GOAL OF THE EXERCISE – From the line containing "5 LUG TREVISO GOLD AND BLACK WITH GOLD LIP" to the final line of the material below, return every line exactly. Do not include pictures.

STORED DATA –

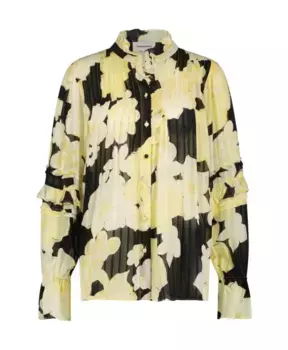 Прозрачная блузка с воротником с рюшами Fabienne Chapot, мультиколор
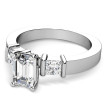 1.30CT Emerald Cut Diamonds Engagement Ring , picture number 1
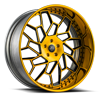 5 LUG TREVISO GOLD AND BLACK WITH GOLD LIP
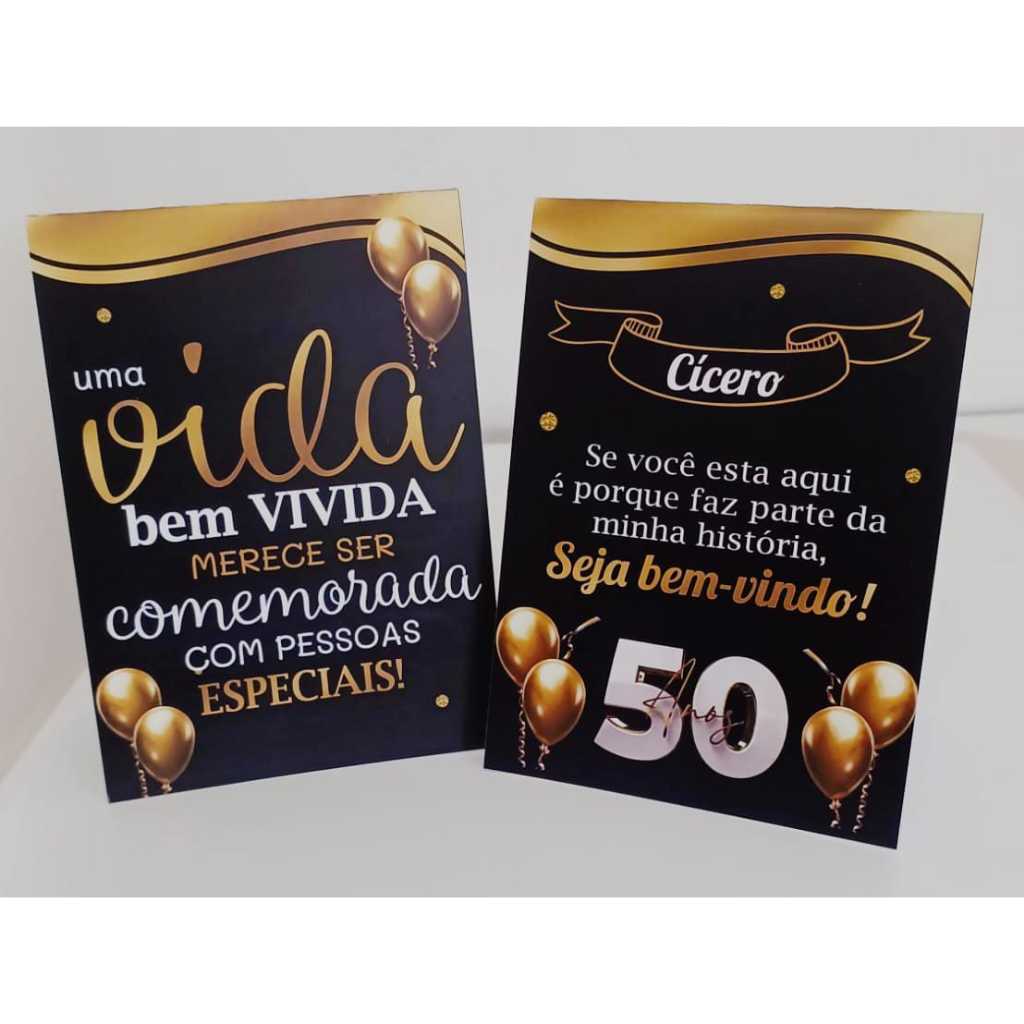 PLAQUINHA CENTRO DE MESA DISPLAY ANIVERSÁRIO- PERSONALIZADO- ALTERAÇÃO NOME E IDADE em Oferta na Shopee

RESPONSE BELOW –
 5 LUG TREVISO GOLD AND BLACK WITH GOLD LIP
 PLAQUINHA CENTRO DE MESA DISPLAY ANIVERSÁRIO- PERSONALIZADO- ALTERAÇÃO NOME E IDADE em Oferta na Shopee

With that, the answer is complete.